— INFORMATION PROVIDED —

════════

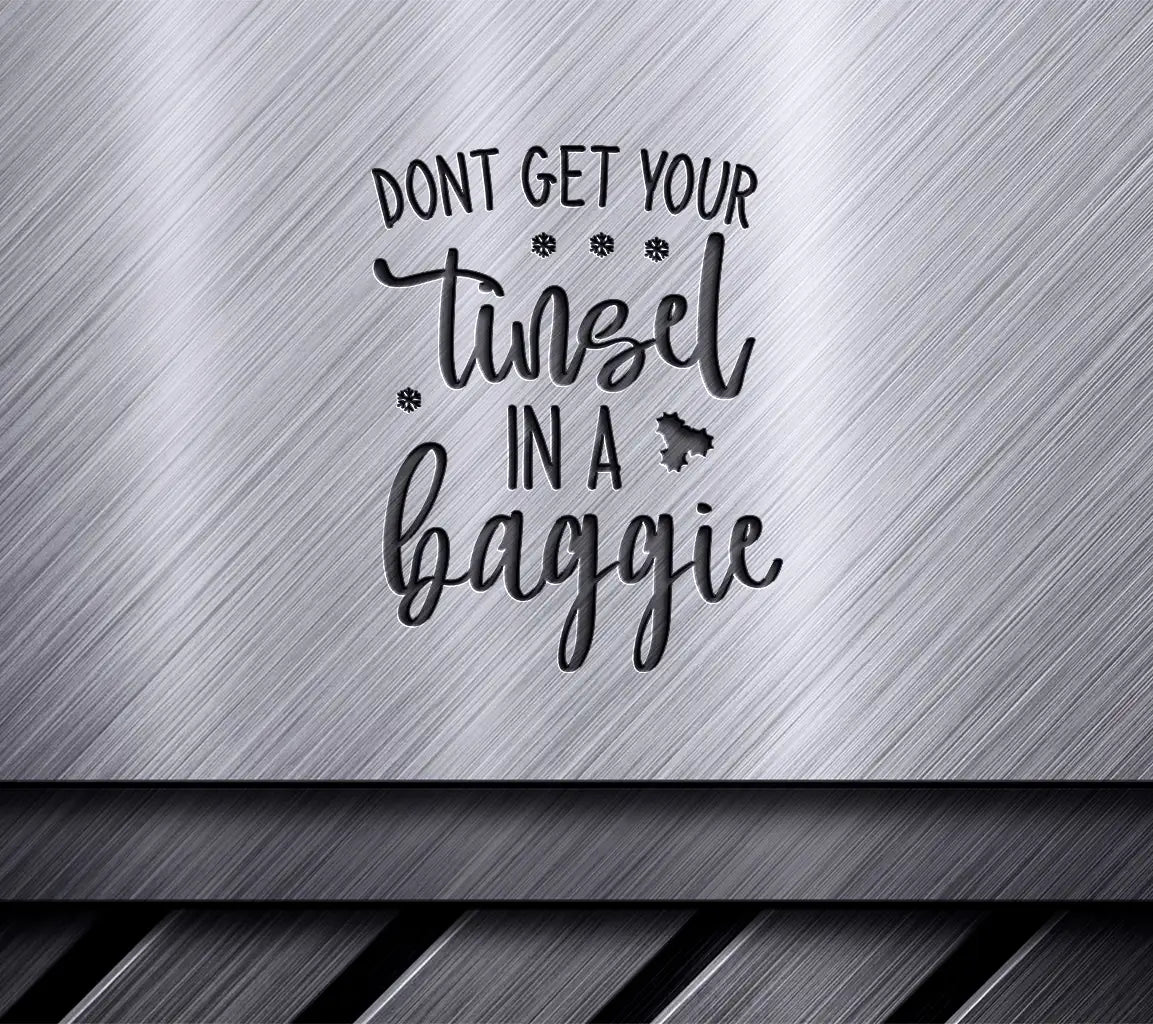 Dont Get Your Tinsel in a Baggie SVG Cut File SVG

════════

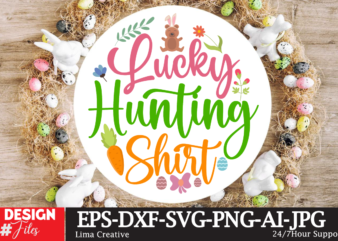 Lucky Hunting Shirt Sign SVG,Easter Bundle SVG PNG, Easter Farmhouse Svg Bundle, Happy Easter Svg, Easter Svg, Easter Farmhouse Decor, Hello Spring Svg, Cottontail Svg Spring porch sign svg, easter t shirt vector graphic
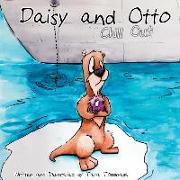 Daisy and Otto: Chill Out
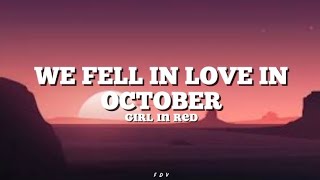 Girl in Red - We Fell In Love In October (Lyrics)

════════

— WORK ORDER —
Although the records hold pictures, the copy must not; give again exactly the lines from the one with "Daisy and Otto: Chill Out" through the one with "Girl in Red".

— TASK RESULT —
 Daisy and Otto: Chill Out
 Girl in Red - We Fell In Love In October (Lyrics)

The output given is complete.